Southdown – Leyland Tiger Cub – MUF 637 – 637
Southdown Motor Services Ltd
1954
Leyland Tiger Cub PSUC1/1
Duple/Nudd B39F
The recent posting of the Edinburgh Guy Arab re-bodied by Nudd Brothers & Lockyer reminded me of this batch of saloons delivered to Southdown in 1954. This batch of Leyland Tiger Cubs were numbered 620-639 registered MUF 620-639 with B39F seating layout which oddly had a single N/S front seat and 2 pairs at the rear with a central emergency door and a mixture of half drop and sliding ventilators as well as unusual, for Southdown, curved seat top rails. These were new at a time when large numbers of parcels were carried, so behind the cab there was a floor to ceiling compartment about the size of a wardrobe fitted with shelving for carrying the parcels at the rear of which was a sliding door into the saloon, the drivers only other entry was the sliding door to the outside. Five very similar but by no means identical Tiger Cubs were delivered in 1955 numbered 640-644 registered OUF 640-643/PUF 644. They were very light and pleasant to drive and I always thought that the Tiger Cub had the best brakes of any Leyland model of that era.

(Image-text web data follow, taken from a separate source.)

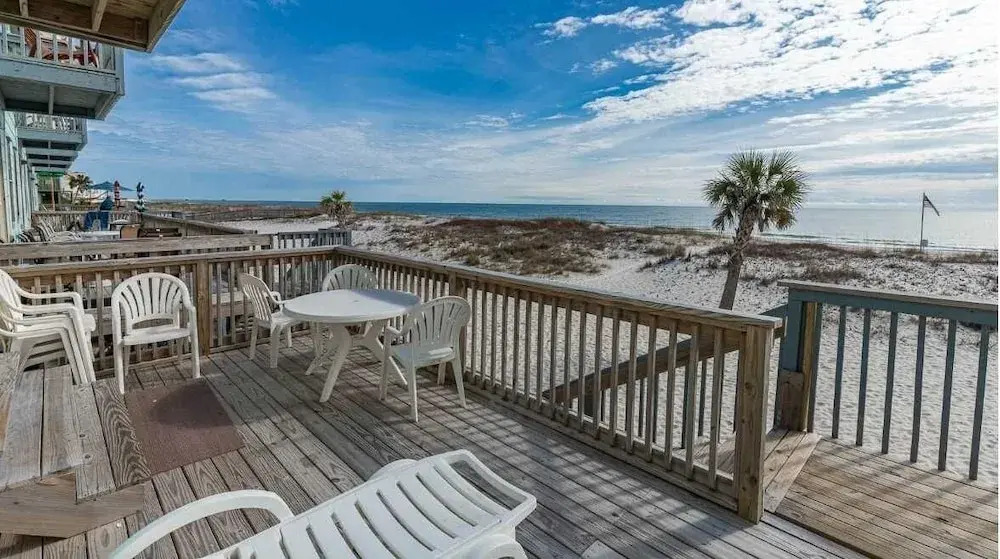 Ocean Reef 701 3 Bedroom Townhouse by RedAwning
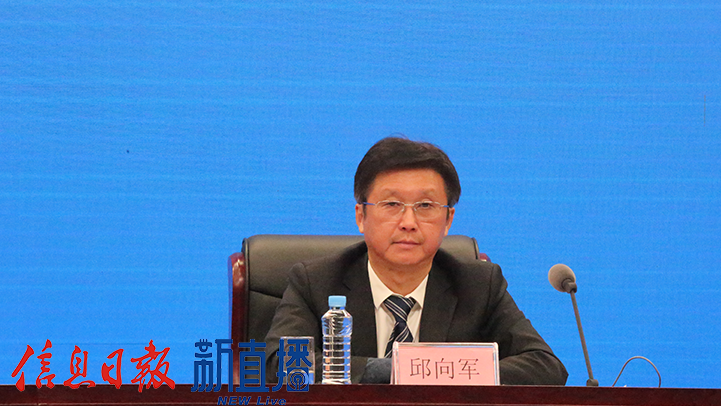 省民政厅党组书记、厅长邱向军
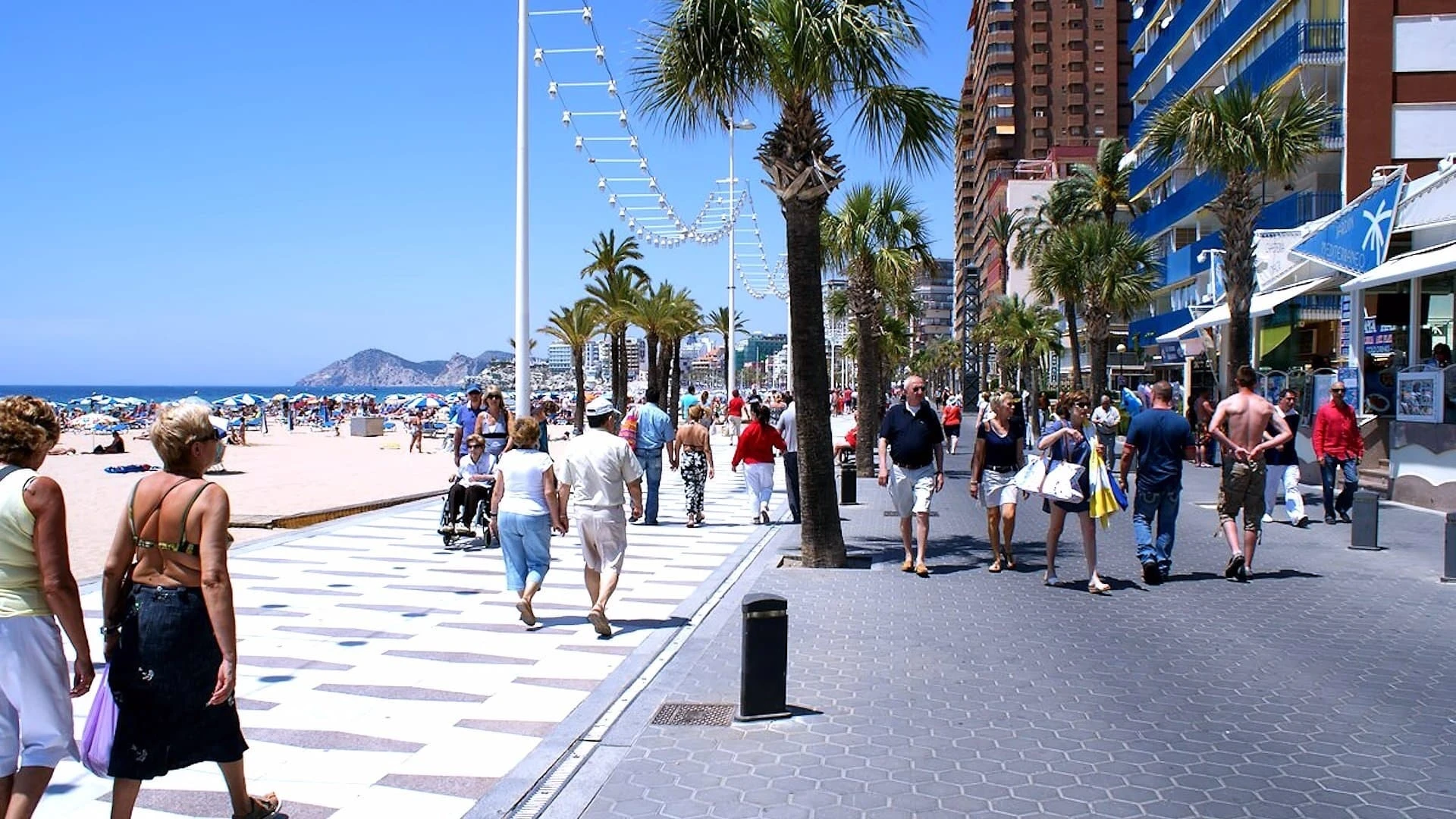 Bargain-Loving Brits In The Sun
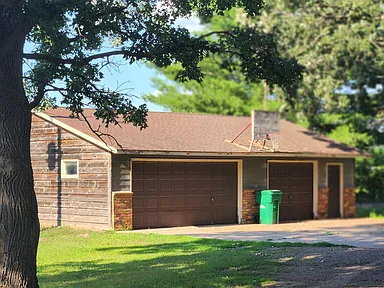 28021 Whiskey Rd - Photo 2 of 3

Photograph and Copy contributed by Diesel Dave
06/02/14 – 08:59
Reminds me of the 1950’s Devon General Weymann Reliances. These are the only other underfloor front loaders I can remember with a separate cab door.
David Oldfield
06/02/14 – 16:06
I thought that some of the early BMMO built S types had a cab door.
Stephen Bloomfield
06/02/14 – 16:49
Huddersfield specified enclosed cabs with an offside hinged cab door on all its UF purchases up to and including the 1963 ‘A’ registered pair of Reliances (23 and 24)
Ian Wild
06/02/14 – 17:37
Bradford also had two AEC Reliances (501 and 502) with offside cab doors.
Stephen Bloomfield
07/02/14 – 06:49
Manchester Corporation’s Leyland Royal Tigers 20 – 23 and "Leyland" Aberdonians 40 – 45 all had the offside cab door, with a fixed partition between the cab and the platform. I think East Yorkshire also had some saloons with this feature.
Don McKeown
07/02/14 – 06:50
Your mention of parcels, D Dave, reminds me of when I lived in Southsea, 1956-76, and the GPO would hire Southdown coaches to deliver Xmas parcels around the streets. With modern traffic parking down the road I lived in, I doubt if a coach could get along it now!
Chris Hebbon
07/02/14 – 18:47
Maidstone & District had a batch of Harrington/Commer integral saloons with an o/s cab door.
Re GPO use, can recall M&D buses and coaches hired for Xmas deliveries many many years ago.
Malcolm Boyland
08/02/14 – 08:23
Here is a photograph of the cab of an East Yorkshire Tiger Cub which had C H Roe bodywork.
Ken Wragg
08/02/14 – 09:49
Interesting that many of the early underfloor saloons had these enclosed cabs.
M&D’s certainly did but they subsequently went over to the near standard practice of just using a low waist high enclosure.
In today’s unpleasant society, the driver sadly needs the security of an assault proof working place but that wouldn’t have been so in the 50’s or 60’s.
Malcolm Boyland
25/03/14 – 15:27
I assume the requirement for the cab to have an emergency exit is still in place. On half cabs the side window over the engine is usually the emergency exit. If you can’t get out if the bus goes on its offside, then there needs to be a second way out. I guess that is the reason for the sliding door at the back of the Roe bodywork in the picture.
Peter Cook
26/03/14 – 06:25
I remember the prosaic message in the cabs of the Routemasters In the event of a fire get out.!!!
Philip Carlton
26/03/14 – 09:30
Frank Muir once remarked that, in all Emergency Instructions, item number two was always more important than number one.
Thus:- In Case of Fire
1. Notify your superior officer
2. Jump out of the window.
Roger Cox
09/08/17 – 06:36
From what Diesel Dave says about this beauty and the 15xx’s I get the impression our formative bus years were pretty much the same (KK 48848?). The later 640-4 were still around when I began driving but, certainly as far as the driver’s compartment went, they looked as though they’d been rescued from a chicken farm. However, for one brief interlude 638 came our way and what a dream. Somewhere along the line it had acquired one of the more modern grey enamel dashboards and could be driven with finger tip control. Is there anything on the road today that modern drivers will look back on with such fondness and respect?
Nick Turner
17/05/21 – 17:04
What a lovely bus I have an amazing picture of MUF 639 in the idyllic backdrop of Poynings circa 1957 possibly, the bus is central to the picture numbered route 128 on its rural route to Henfield Railway Station via Devils Dyke and Small Dole such an amazing picture does this bus still survive.
My dad drove for the Thames Valley from 1949 to 1986.